Tiga Rakit Tambang Emas Tanpa Izin Ditemukan di Sungai Subayang

Jajaran Polsek Kampar Kiri kembali menindak aktivitas Penambangan Emas Tanpa Izin (PETI) di Kabupaten Kampar. Dalam operasi yang digelar di aliran Sungai Subayang, Desa Kota Lama, Kamis (4/6/2026), polisi mengamankan tiga unit rakit yang diduga digunakan untuk aktivitas tambang emas ilegal.

Kampar (Outsiders) – Tiga unit rakit yang diduga digunakan untuk aktivitas Penambangan Emas Tanpa Izin (PETI) ditemukan aparat Polsek Kampar Kiri di aliran Sungai Subayang atau Sungai Bio, Desa Kota Lama, Kecamatan Kampar Kiri Hulu, Kabupaten Kampar, baru- baru ini.

Penemuan tersebut terjadi saat polisi menggelar operasi penertiban di kawasan yang selama ini menjadi salah satu titik rawan aktivitas tambang emas ilegal, Kamis (04/06/2026). Selain tiga rakit, petugas juga menemukan sejumlah peralatan yang diduga digunakan untuk mendukung kegiatan penambangan.

Operasi dipimpin Panit Opsnal Intelkam Polsek Kampar Kiri IPDA Nurman Efendi bersama Panit Opsnal Intelkam IPDA Aprizal Jafar dan tujuh personel Polsek Kampar Kiri.

Kapolres Kampar AKBP Boby Putra Ramadhan melalui Kapolsek Kampar Kiri Kompol R. Zuhri Siregar membenarkan penemuan tiga unit rakit tersebut.

“Benar, personel menemukan tiga unit rakit yang diduga digunakan untuk aktivitas PETI. Pemiliknya masih dalam penyelidikan dan diduga merupakan warga Desa Kota Lama. Saat ditemukan, tidak ada seorang pun di lokasi,” ujar Kompol Zuhri.
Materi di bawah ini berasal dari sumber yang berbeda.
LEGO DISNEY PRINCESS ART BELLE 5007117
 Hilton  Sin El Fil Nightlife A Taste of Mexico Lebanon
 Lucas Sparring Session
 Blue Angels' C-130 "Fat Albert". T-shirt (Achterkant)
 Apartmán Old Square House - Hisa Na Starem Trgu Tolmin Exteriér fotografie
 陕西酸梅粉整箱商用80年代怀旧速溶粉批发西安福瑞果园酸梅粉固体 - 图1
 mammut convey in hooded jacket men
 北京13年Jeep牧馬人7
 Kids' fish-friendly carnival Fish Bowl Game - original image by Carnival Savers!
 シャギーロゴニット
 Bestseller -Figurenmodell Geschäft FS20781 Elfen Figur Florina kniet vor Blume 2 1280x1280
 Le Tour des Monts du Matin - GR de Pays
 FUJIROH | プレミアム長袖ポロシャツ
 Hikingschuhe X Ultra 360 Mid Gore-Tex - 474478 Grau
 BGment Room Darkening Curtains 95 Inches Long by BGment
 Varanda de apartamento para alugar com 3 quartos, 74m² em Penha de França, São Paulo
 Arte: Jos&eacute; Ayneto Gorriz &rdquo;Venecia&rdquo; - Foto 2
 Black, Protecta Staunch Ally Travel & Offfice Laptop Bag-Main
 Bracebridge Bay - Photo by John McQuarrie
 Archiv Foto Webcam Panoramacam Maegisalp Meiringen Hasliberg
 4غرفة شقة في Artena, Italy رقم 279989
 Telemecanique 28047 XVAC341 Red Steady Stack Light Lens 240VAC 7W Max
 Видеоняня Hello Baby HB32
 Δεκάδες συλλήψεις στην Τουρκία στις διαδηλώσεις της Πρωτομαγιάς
Saat petugas tiba di lokasi, tidak ditemukan aktivitas penambangan maupun keberadaan para pelaku. Ketiga rakit diketahui sedang ditambatkan menggunakan tali pada batang kayu di pinggir sungai.

Meski tidak sedang beroperasi, berbagai perlengkapan penambangan masih berada di atas rakit sehingga langsung diamankan petugas untuk kepentingan penyelidikan.

Barang bukti yang disita antara lain tiga unit rakit tambang, satu unit mesin robin merek Pro-Quip, dua unit mesin robin merek ZS Power, serta sejumlah peralatan pendukung penambangan emas yang berada di rakit maupun sampan.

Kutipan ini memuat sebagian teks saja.